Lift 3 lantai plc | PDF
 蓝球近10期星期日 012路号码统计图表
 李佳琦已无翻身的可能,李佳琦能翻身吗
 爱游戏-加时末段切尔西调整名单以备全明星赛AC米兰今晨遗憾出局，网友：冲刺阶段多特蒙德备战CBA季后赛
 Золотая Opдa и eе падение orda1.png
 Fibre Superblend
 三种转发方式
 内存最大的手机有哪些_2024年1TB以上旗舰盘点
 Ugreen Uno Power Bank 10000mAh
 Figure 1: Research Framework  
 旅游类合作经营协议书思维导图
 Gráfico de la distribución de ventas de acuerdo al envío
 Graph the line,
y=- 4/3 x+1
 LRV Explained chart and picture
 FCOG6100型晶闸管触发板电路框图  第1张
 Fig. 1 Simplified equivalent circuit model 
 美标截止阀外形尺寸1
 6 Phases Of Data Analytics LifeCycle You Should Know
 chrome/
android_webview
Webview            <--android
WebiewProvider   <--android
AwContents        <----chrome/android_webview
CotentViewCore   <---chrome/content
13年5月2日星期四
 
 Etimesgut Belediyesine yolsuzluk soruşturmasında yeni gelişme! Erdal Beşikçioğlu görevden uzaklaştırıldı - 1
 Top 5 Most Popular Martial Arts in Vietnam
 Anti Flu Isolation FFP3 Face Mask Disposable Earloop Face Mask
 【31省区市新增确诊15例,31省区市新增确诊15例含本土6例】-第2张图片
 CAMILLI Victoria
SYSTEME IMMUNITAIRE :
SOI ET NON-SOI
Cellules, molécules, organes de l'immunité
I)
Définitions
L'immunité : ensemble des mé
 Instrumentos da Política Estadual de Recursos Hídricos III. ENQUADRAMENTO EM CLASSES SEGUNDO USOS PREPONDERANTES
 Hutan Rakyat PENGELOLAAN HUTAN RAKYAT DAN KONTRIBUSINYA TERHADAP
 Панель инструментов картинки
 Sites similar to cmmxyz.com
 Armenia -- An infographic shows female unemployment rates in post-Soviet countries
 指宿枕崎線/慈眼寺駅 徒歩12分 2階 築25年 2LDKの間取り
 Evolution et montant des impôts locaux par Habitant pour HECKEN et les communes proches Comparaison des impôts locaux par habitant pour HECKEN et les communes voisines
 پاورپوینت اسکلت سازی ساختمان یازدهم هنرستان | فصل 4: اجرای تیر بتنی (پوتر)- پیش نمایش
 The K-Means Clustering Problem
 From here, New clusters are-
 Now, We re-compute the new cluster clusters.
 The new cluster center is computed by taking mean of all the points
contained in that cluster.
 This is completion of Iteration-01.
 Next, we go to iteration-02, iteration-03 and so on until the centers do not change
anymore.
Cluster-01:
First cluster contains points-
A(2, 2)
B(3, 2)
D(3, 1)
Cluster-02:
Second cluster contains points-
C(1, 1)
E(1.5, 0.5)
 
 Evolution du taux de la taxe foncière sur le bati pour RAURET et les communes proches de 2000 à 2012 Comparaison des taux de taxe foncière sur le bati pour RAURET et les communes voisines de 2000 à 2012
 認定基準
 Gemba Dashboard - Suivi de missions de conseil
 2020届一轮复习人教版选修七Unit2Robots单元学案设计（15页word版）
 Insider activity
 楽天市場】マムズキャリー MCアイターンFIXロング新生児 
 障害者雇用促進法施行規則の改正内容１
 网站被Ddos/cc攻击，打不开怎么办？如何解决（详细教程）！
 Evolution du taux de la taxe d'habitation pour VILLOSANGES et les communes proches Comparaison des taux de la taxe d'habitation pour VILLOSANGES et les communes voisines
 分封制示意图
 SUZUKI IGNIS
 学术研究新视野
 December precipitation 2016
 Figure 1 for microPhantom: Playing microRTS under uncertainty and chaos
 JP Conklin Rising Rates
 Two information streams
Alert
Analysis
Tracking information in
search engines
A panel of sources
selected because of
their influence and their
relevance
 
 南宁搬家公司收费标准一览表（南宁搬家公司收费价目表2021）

----------------------------------------

§ WHAT YOU NEED TO DO
Copy every line of the records above exactly.

§ REPLY TO THE EXERCISE
Lift 3 lantai plc | PDF
 蓝球近10期星期日 012路号码统计图表
 李佳琦已无翻身的可能,李佳琦能翻身吗
 爱游戏-加时末段切尔西调整名单以备全明星赛AC米兰今晨遗憾出局，网友：冲刺阶段多特蒙德备战CBA季后赛
 Золотая Opдa и eе падение orda1.png
 Fibre Superblend
 三种转发方式
 内存最大的手机有哪些_2024年1TB以上旗舰盘点
 Ugreen Uno Power Bank 10000mAh
 Figure 1: Research Framework  
 旅游类合作经营协议书思维导图
 Gráfico de la distribución de ventas de acuerdo al envío
 Graph the line,
y=- 4/3 x+1
 LRV Explained chart and picture
 FCOG6100型晶闸管触发板电路框图  第1张
 Fig. 1 Simplified equivalent circuit model 
 美标截止阀外形尺寸1
 6 Phases Of Data Analytics LifeCycle You Should Know
 chrome/
android_webview
Webview            <--android
WebiewProvider   <--android
AwContents        <----chrome/android_webview
CotentViewCore   <---chrome/content
13年5月2日星期四
 
 Etimesgut Belediyesine yolsuzluk soruşturmasında yeni gelişme! Erdal Beşikçioğlu görevden uzaklaştırıldı - 1
 Top 5 Most Popular Martial Arts in Vietnam
 Anti Flu Isolation FFP3 Face Mask Disposable Earloop Face Mask
 【31省区市新增确诊15例,31省区市新增确诊15例含本土6例】-第2张图片
 CAMILLI Victoria
SYSTEME IMMUNITAIRE :
SOI ET NON-SOI
Cellules, molécules, organes de l'immunité
I)
Définitions
L'immunité : ensemble des mé
 Instrumentos da Política Estadual de Recursos Hídricos III. ENQUADRAMENTO EM CLASSES SEGUNDO USOS PREPONDERANTES
 Hutan Rakyat PENGELOLAAN HUTAN RAKYAT DAN KONTRIBUSINYA TERHADAP
 Панель инструментов картинки
 Sites similar to cmmxyz.com
 Armenia -- An infographic shows female unemployment rates in post-Soviet countries
 指宿枕崎線/慈眼寺駅 徒歩12分 2階 築25年 2LDKの間取り
 Evolution et montant des impôts locaux par Habitant pour HECKEN et les communes proches Comparaison des impôts locaux par habitant pour HECKEN et les communes voisines
 پاورپوینت اسکلت سازی ساختمان یازدهم هنرستان | فصل 4: اجرای تیر بتنی (پوتر)- پیش نمایش
 The K-Means Clustering Problem
 From here, New clusters are-
 Now, We re-compute the new cluster clusters.
 The new cluster center is computed by taking mean of all the points
contained in that cluster.
 This is completion of Iteration-01.
 Next, we go to iteration-02, iteration-03 and so on until the centers do not change
anymore.
Cluster-01:
First cluster contains points-
A(2, 2)
B(3, 2)
D(3, 1)
Cluster-02:
Second cluster contains points-
C(1, 1)
E(1.5, 0.5)
 
 Evolution du taux de la taxe foncière sur le bati pour RAURET et les communes proches de 2000 à 2012 Comparaison des taux de taxe foncière sur le bati pour RAURET et les communes voisines de 2000 à 2012
 認定基準
 Gemba Dashboard - Suivi de missions de conseil
 2020届一轮复习人教版选修七Unit2Robots单元学案设计（15页word版）
 Insider activity
 楽天市場】マムズキャリー MCアイターンFIXロング新生児 
 障害者雇用促進法施行規則の改正内容１
 网站被Ddos/cc攻击，打不开怎么办？如何解决（详细教程）！
 Evolution du taux de la taxe d'habitation pour VILLOSANGES et les communes proches Comparaison des taux de la taxe d'habitation pour VILLOSANGES et les communes voisines
 分封制示意图
 SUZUKI IGNIS
 学术研究新视野
 December precipitation 2016
 Figure 1 for microPhantom: Playing microRTS under uncertainty and chaos
 JP Conklin Rising Rates
 Two information streams
Alert
Analysis
Tracking information in
search engines
A panel of sources
selected because of
their influence and their
relevance
 
 南宁搬家公司收费标准一览表（南宁搬家公司收费价目表2021）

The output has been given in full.